- _EXERCISE_
Although the records contain pictures, none belong in the copy: restate word for word only the lines from the one with "Now, what is" through the one with "I'm Biffa from", both included.

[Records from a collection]
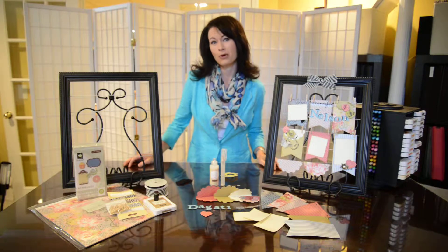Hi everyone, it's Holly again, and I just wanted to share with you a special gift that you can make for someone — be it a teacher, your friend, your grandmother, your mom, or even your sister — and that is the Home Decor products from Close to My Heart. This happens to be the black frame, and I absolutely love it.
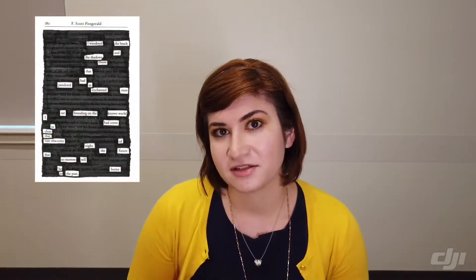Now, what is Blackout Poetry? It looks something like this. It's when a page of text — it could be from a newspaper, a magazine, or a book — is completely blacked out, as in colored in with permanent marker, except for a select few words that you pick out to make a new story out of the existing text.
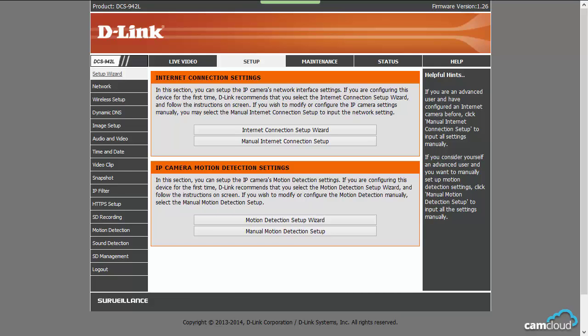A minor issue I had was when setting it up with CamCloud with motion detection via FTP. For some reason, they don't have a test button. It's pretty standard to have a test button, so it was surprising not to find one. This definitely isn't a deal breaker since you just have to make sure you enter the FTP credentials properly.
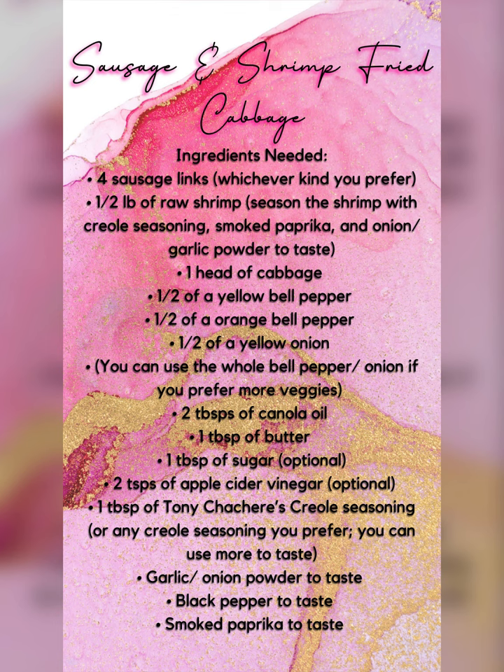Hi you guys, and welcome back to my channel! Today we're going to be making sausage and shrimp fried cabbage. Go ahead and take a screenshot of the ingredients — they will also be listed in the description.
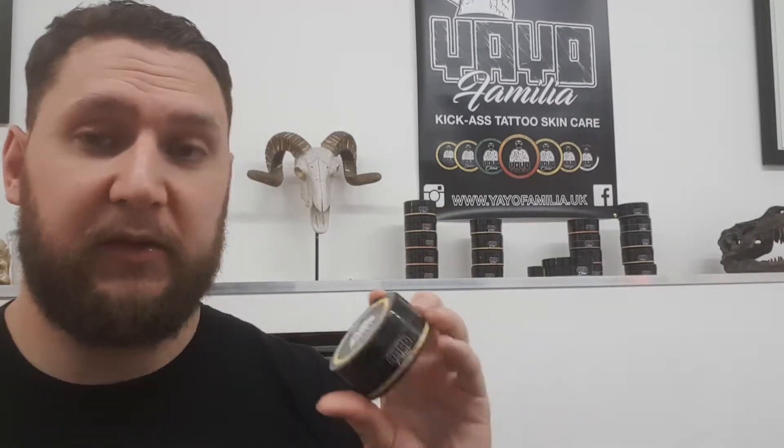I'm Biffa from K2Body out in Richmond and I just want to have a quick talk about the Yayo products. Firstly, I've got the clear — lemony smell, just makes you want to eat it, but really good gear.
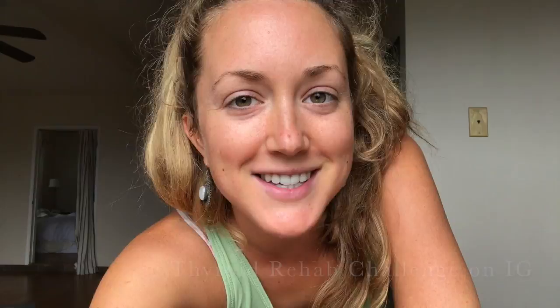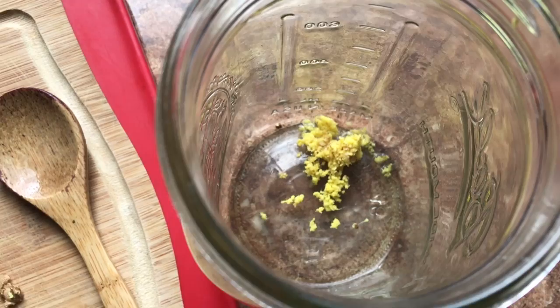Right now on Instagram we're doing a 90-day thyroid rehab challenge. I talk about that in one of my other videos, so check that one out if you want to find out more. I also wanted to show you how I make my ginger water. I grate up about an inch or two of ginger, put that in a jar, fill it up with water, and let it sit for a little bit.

- _RESPONSE TO THE EXERCISE_
Now, what is Blackout Poetry? It looks something like this. It's when a page of text — it could be from a newspaper, a magazine, or a book — is completely blacked out, as in colored in with permanent marker, except for a select few words that you pick out to make a new story out of the existing text.
A minor issue I had was when setting it up with CamCloud with motion detection via FTP. For some reason, they don't have a test button. It's pretty standard to have a test button, so it was surprising not to find one. This definitely isn't a deal breaker since you just have to make sure you enter the FTP credentials properly.
Hi you guys, and welcome back to my channel! Today we're going to be making sausage and shrimp fried cabbage. Go ahead and take a screenshot of the ingredients — they will also be listed in the description.
I'm Biffa from K2Body out in Richmond and I just want to have a quick talk about the Yayo products. Firstly, I've got the clear — lemony smell, just makes you want to eat it, but really good gear.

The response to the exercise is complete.